# BBQ Tri-Tip



## doslocosranch (Apr 24, 2006)

At Costco today, picked up some Tri-Tip. Popular on the west coast. Thought I would give it a try on the grill. I have smoked it before, but did a little indirect on weber.


----------



## Too Tall (May 21, 2004)

I'm a fan of Tri Tips. I've cooked them both ways and a Cali buddy told me to pull them between 125-130 degs internal and let it rest (wrapped) and then slice. Excellent cut of meat.


----------



## doslocosranch (Apr 24, 2006)

I just sliced, it was excellent. I am not sure I will by brisket again! I didn't pull till 145, let it rest in oven not wrapped. Solid medium to almost medium rare in center. My temp was a little over 250, w some soaked mesquite chunks on coals.
I may have to pull sooner and wrap just to try.


----------



## surfisher (Mar 8, 2012)

mmmmmm that looks good makes me want to fire mypit up tomorrow! looks awesome!


----------



## Law Dog (Jul 27, 2010)

Looks Delisious. Congrats!


----------



## mharris1 (May 29, 2010)

That looks awesome. Tri tip is by far my favorite cut of meat. I marinate them in soy sauce, beer, and fresh garlic for 48 hrs before cooking. Indirect over charcoal and mesquite is my favorite. They are also good sliced about 1" thick and cooked hot and fast over mesqite till rare/med rare.


----------



## sportster (Jan 31, 2012)

Tri Tip is great. I use to live in Santa Maria, CA. That one of the things I miss the most about living there, all the guys out in the parking lot grilling Tri Tip and selling them on the weekends. 

I've tried making a few since I've been here, good but not the same. I think the thing out there as to grill them over an open flame using red oak.


----------



## BF (Jun 7, 2007)

love tri tip--we cook it all the time at the ranch--


----------



## TXXpress (May 23, 2004)

We love tri-tip! I lived in CA for 8 years and the wife lived there for more years than myself. We spent two weeks there in July. We could only convince them to have tri-tip once! Can you believe that? I cooked it and used Rudy's Rub. We didn't have any leftovers! Dang! 

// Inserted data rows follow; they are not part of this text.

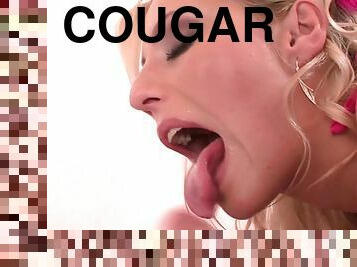 Lustful blonde Cougar takes cum in mouth after being rammed Hardcore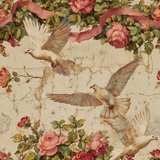 Patterned Bellecour Wallpaper with pink roses and flying doves on a crackled texture.

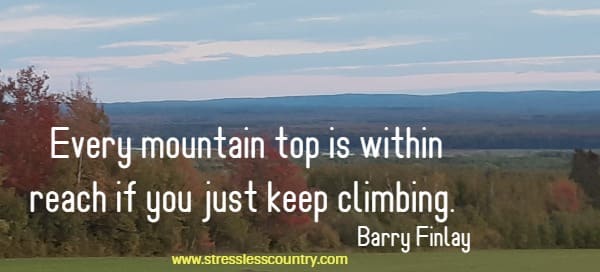 Every mountain top is within reach if you just keep climbing.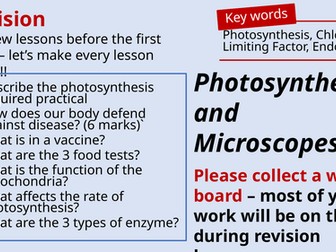 Photosynthesis and Microscope Revision - AQA Combined Science Biology Paper 1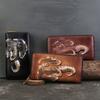 Retro Genuine Leather Women's Long Wallet Natural Cowhide Animal Pattern Embossed Phone Purse Card Holder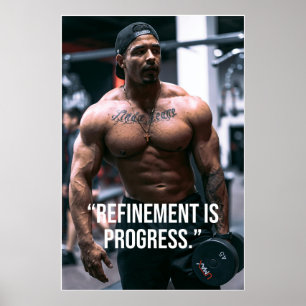 Förfining Är Framsteg Fitness Citat Affisch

We just might have to join Costco for the tri-tip!


----------



## texasred (Jan 29, 2005)

That looks great! Hey where did you get that rack that fits in a pan? Or did you build it?


----------



## jtburf (May 26, 2004)

texasred said:


> That looks great! Hey where did you get that rack that fits in a pan? Or did you build it?


That rack is just an upside down rib rack.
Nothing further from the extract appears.